United Airlines has begun early discussions with Airbus over the delays it faces in acquiring crucial Boeing aircraft that’ll power its long-term future fleet.
Discussions With Airbus
Industry sources near several leading publications, such as Bloomberg, say that United Airlines has entered discussions with Airbus about potentially acquiring more A321neos. This new aircraft type recently joined the United fleet.
If secured, these Airbus A321neos would cover the missing Boeing 737-10s, which United’s CEO expects to continue to be delayed.
The sources say these discussions are in the early stages but have seen Scott Kirby, the airline’s CEO, travel to Toulouse to talk with the plane maker.

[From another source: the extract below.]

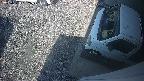 yotec3-20250529082028.jpg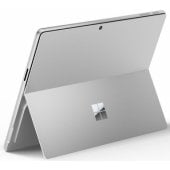 Surface Pro 11gen Copilot+ PC 16GB 256GB W11 Pro 5G Platinum ZEW-00004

Interestingly, these same sources also speak of the deal potentially being a means to end the ongoing Airbus A350 deal, which has been present for a considerable period but without any breakthrough. Notably, the airline still does not fly the A350 series. Instead, selecting the 787s to power its next-generation widebody fleet.
While no agreement has yet been reached between Airbus and United Airlines, this highlights the concerning lack of faith in the American plane maker among critical customers that is beginning to form.
The A321neo is slated to be important to the United fleet. While this could grow with a new commitment, Airbus may find it hard to offer the planes to United when they need it unless a deal can be struck due to the sheer scale of demand for the A320neo family, seeing the line sold out into the 2030s.
United CEO Speaks On 737-10
However, United Airlines looking towards Airbus doesn’t come as a shock. Scott Kirby, the airline’s CEO, spoke about their concerns over the 737-10s approval, an aircraft type meant to play a pivotal role in the fleet.
Kirby has expressed his frustrations on a continued basis over the Alaska Airlines incident and has made headlines for calling it “the straw that broke the camel’s back.” Now, the focus shifts towards certification timelines for unapproved aircraft and quality control.
According to the latest forecast, internally, the best-case scenario is that United expects a five-plus-year delay, and as a result, they’re making a fleet plan that does not include the Boeing 737-10.
An analysis of its deal with the 737-10 must be conducted to understand United’s frustrations. The airline has close to 300 737-10s on order; this is no small commitment.
At this stage, no aircraft orders have been formally cancelled or switched. Some onlookers question whether these comments, visits, and studies are the airline doing its due diligence, and when it all blows over, they’ll look to retain the 737-10s or if they’re seriously exploring other alternatives.
Ryanair weighed in on the discussions, saying that if any U.S. airline decided to move away from a commitment to the 737-10, it would purchase the planes at the right price.